Wherever a picture appears in the listing below, leave it out and reproduce the rest exactly.
───── Exercise data
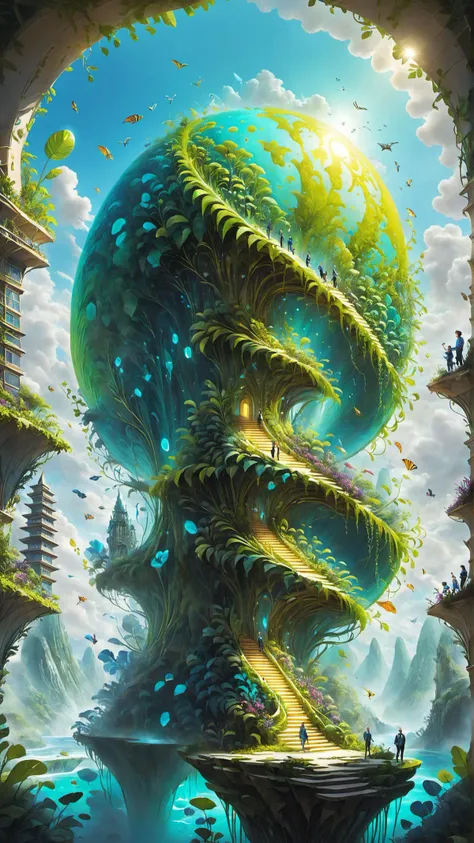 artwork that seamlessly blends vivid elements of nature with futuristic technology, creating a mesmerizing depiction of a sustainable and harmonious world. The artwork should evoke a sense of wonder and optimism, inviting viewers to contemplate the delicate balance between humanity, the environment, and technological progress., 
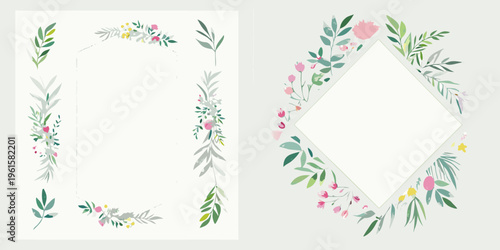 Floral frame designs with delicate leaves and small pink blossoms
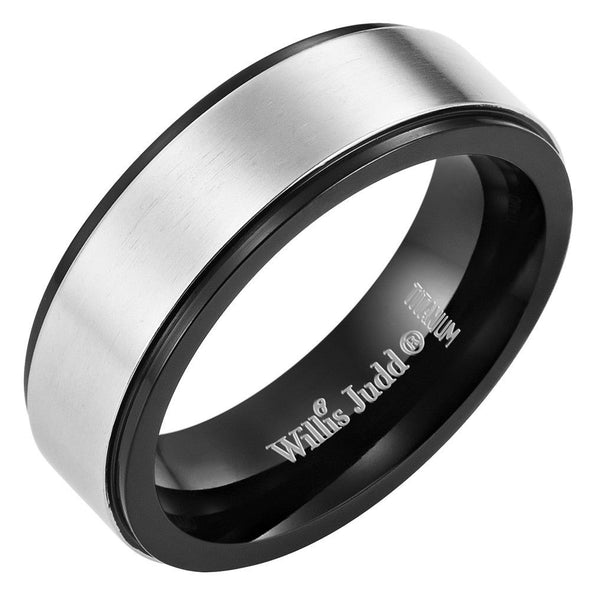 Mens Titanium Ring Engraved Love You Dad By Willis Judd in Velvet Gift Pouch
──────────
Output of the task ▸
 artwork that seamlessly blends vivid elements of nature with futuristic technology, creating a mesmerizing depiction of a sustainable and harmonious world. The artwork should evoke a sense of wonder and optimism, inviting viewers to contemplate the delicate balance between humanity, the environment, and technological progress., 
 Floral frame designs with delicate leaves and small pink blossoms
 Mens Titanium Ring Engraved Love You Dad By Willis Judd in Velvet Gift Pouch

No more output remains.